Sardis, a major trade centre
  Sardis was an important provincial capital, as well as a military and industrial centre. The so-called Byzantine Shops of Sardis (about thirty three in total) line the south wall of the vast Bath/Gymnasium complex and give onto the main highway that led from Sardis to eastern Anatolia. They provided a focus for commercial life in the western part of the city, and demonstrate the shift of retailing and small manufacture from the open squares (agorae) to the colonnaded streets in the Early Byzantine period.
  The shops were sheltered under a long portico which at a late date (probably in the early fifth century) replaced a earlier grander structure. A second similar portico stood on the opposite side of the street. The modest new porticoes were built of heterogenous spoils. The squat colonnades supported a wooden entablature and roof, while an ambulatory paved with mosaics allowed access to the shops. The total width of the street and porticoes exceeded 37 m. The shops consisted of one or more units, and were often two-storeyed. Building materials included reused marble blocks for the corners and door jambs, mortared rubble and brick for the walls, and tiles for the roof and the paving of the second-floor apartments. Floors at ground level were normally of beaten earth, but tile and stone were employed where heavy use was in question. The Christian and Jewish proprietors of the Sardis shops manufactured and sold a variety of goods, such as metal tools and utensils, glass vessels (or their contents), dyes and dyed cloth, and possibly jewellery. Some shops were restaurants, identified from the presence of counters, benches for customers, abundant kitchen wares, and sheep or goat bones. Vast numbers of copper coins, typical small change' of the time, suggest continuing use of the shops down to the early seventh century (the colonnade was destroyed by fire in 616).
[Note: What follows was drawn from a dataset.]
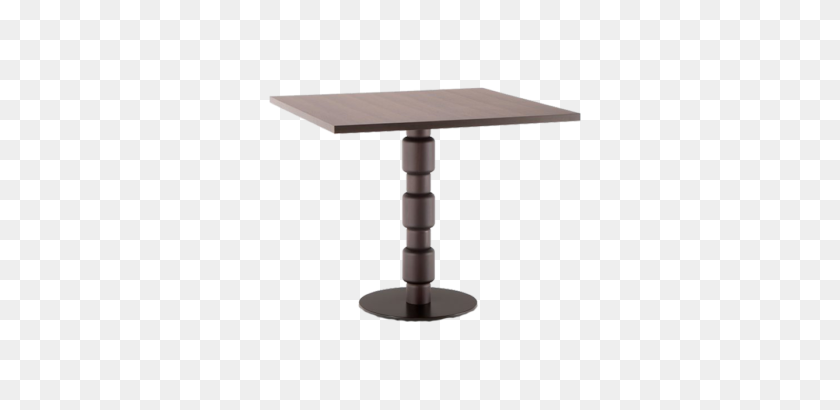 350x350 Betta Coffee Table Contract Furniture - End Table PNG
  One of the dozens of shops (shop E6/E7) excavated in recent years has been identified as a dye establishment. Two menorahs carved on the door jamb seem to indicate that its owner was Jewish, and graffiti on two amphora fragments name a certain Jacob, possibly the owner himself. The shop's upper storey was used for storage; the lower storey for the manufacture of dyes. Both levels were lit by glass windows. Various instruments and containers found scattered on the shop's floor, as well as heaps of dyeing substance, indicate the shops activity. Several mortars and pestles were used to grind the dyes, while incense burning in a brass censer hung from the ceiling chased away the fowl smells. Materials were weighed with steelyards and a small balance, and stored in terracotta pipes placed on end by the stairs. Several cups and a self-heating copper kettle were used by the workmen to make hot drinks. Other implements, such as camp stool frames and lampstands, a knife, a strainer, ceramic bowls and jugs, served common household purposes.
<  Despite their tawdry construction and uneven design, the Byzantine Shops at Sardis were conceived as a unified complex; extensive use of mosaic in the portico suggests some degree of public authority behind the project. In this they differ from contemporary and later commercial structures in a number of cities (Ephesus, Side, Philippi, Corinth) where private individuals encoarched on public space in a more haphazard manner. A most striking example is provided by the city of Caricin Grad, where a small artisan's quarter developped on public and ecclesiastical space alike, inside the walls of the upper city, in the late sixth century.